• Source material:
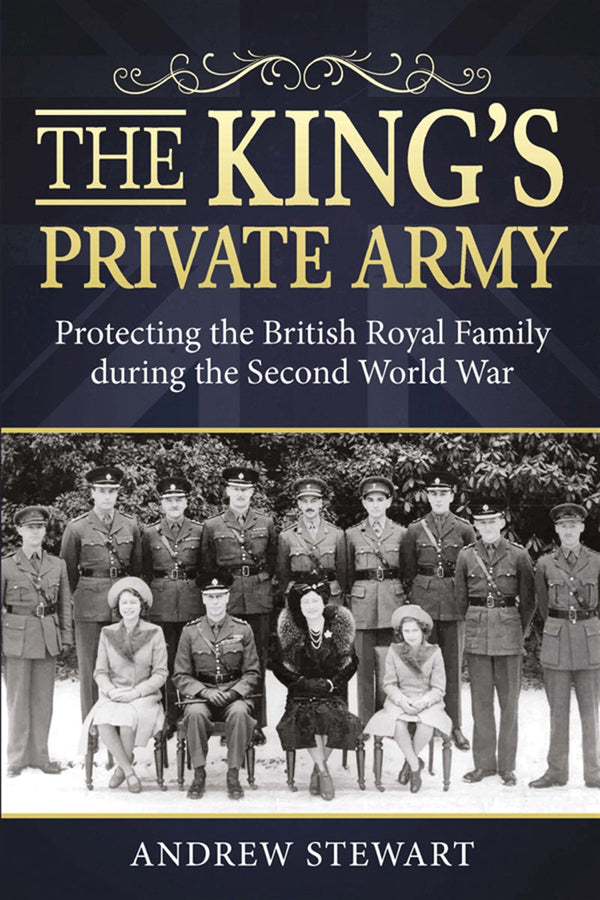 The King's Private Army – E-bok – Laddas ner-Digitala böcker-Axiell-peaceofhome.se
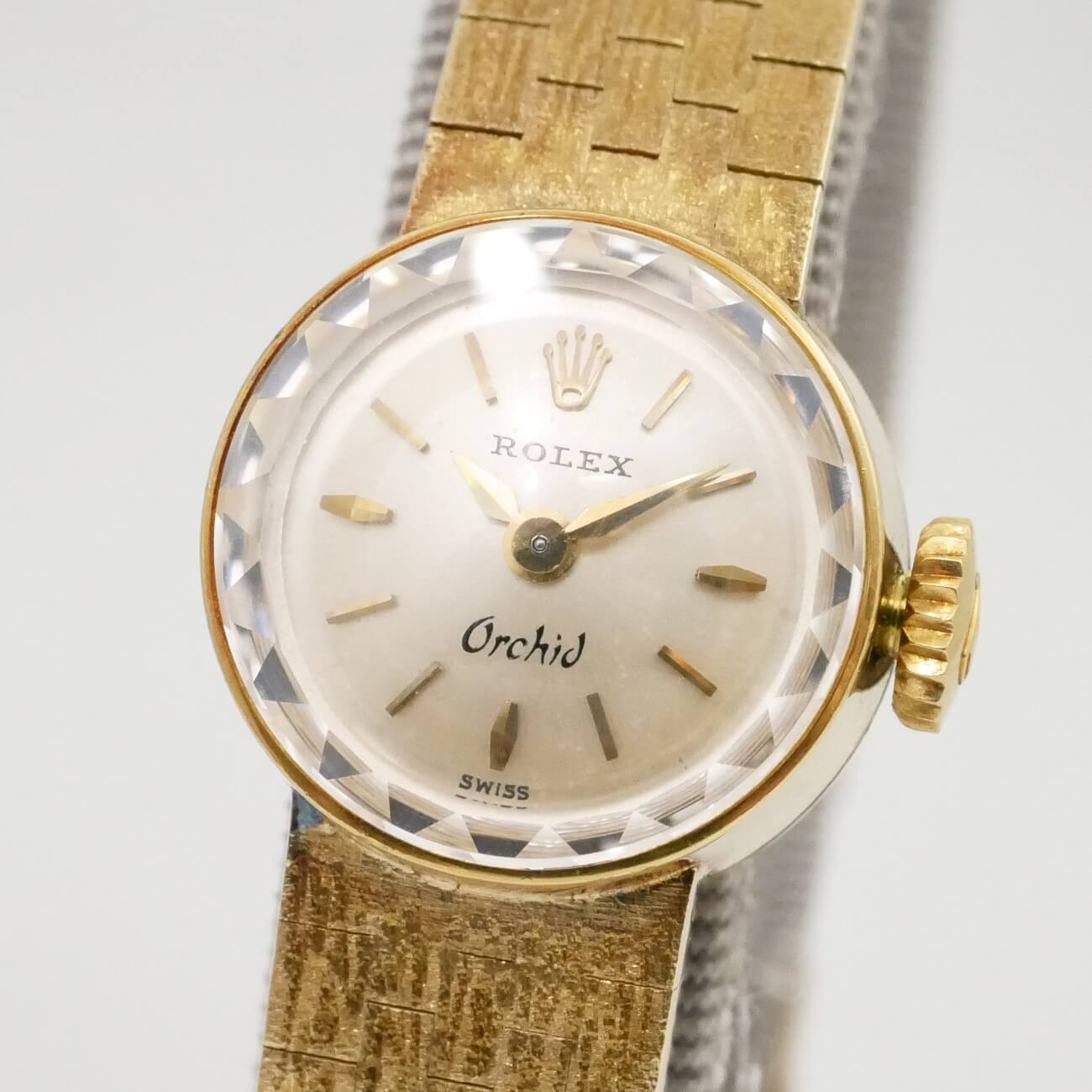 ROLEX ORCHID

* * *

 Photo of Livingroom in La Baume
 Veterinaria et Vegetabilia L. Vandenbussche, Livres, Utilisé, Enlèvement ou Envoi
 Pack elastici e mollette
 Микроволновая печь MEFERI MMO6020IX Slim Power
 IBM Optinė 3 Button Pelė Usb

--

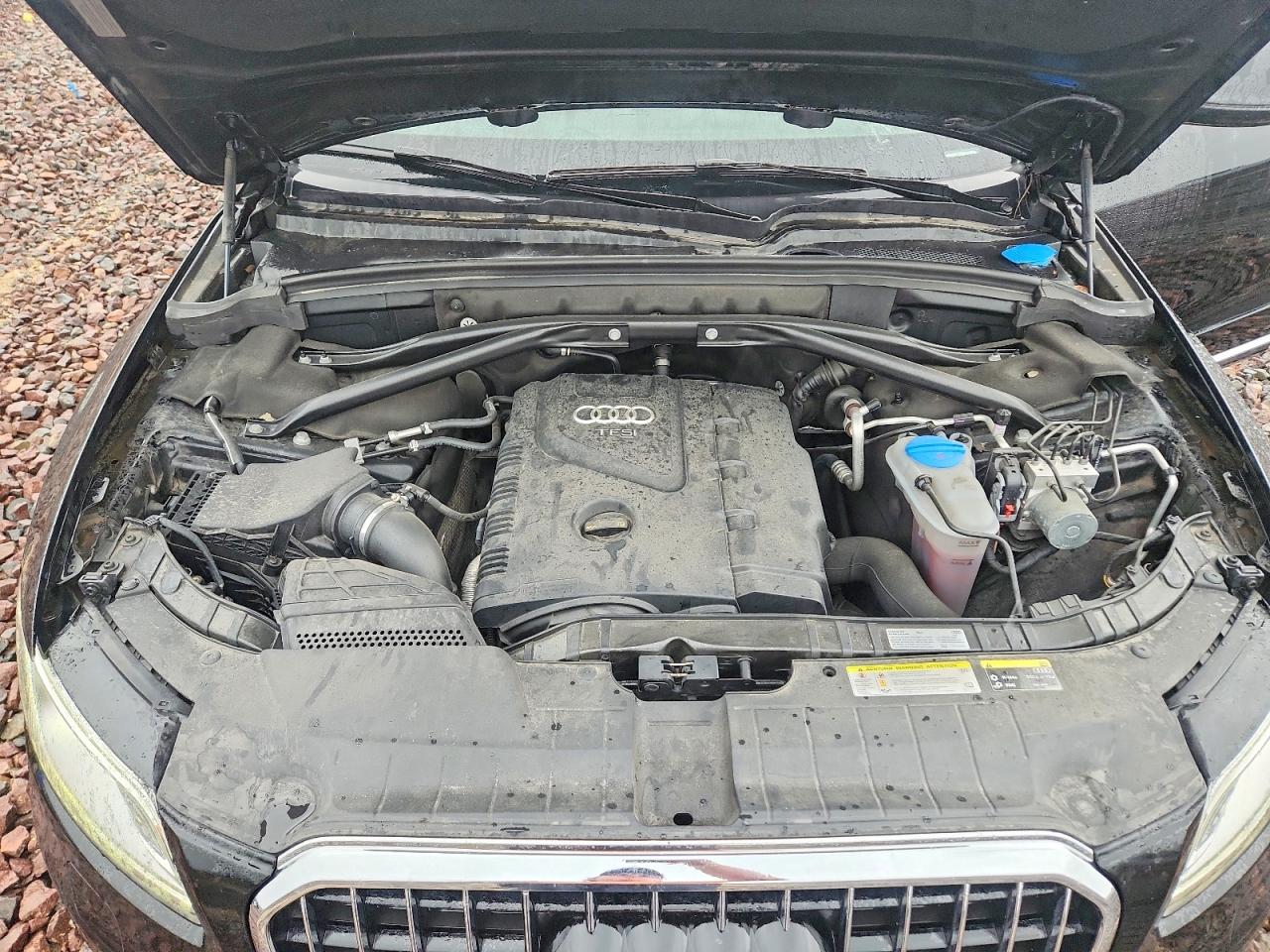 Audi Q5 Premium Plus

• Activity: Beginning with the line holding "Veterinaria et Vegetabilia" and ending with the line holding "IBM Optinė 3 Button Pelė Usb", write out the stretch of material above exactly; add no further lines.

• Answer section:
 Veterinaria et Vegetabilia L. Vandenbussche, Livres, Utilisé, Enlèvement ou Envoi
 Pack elastici e mollette
 Микроволновая печь MEFERI MMO6020IX Slim Power
 IBM Optinė 3 Button Pelė Usb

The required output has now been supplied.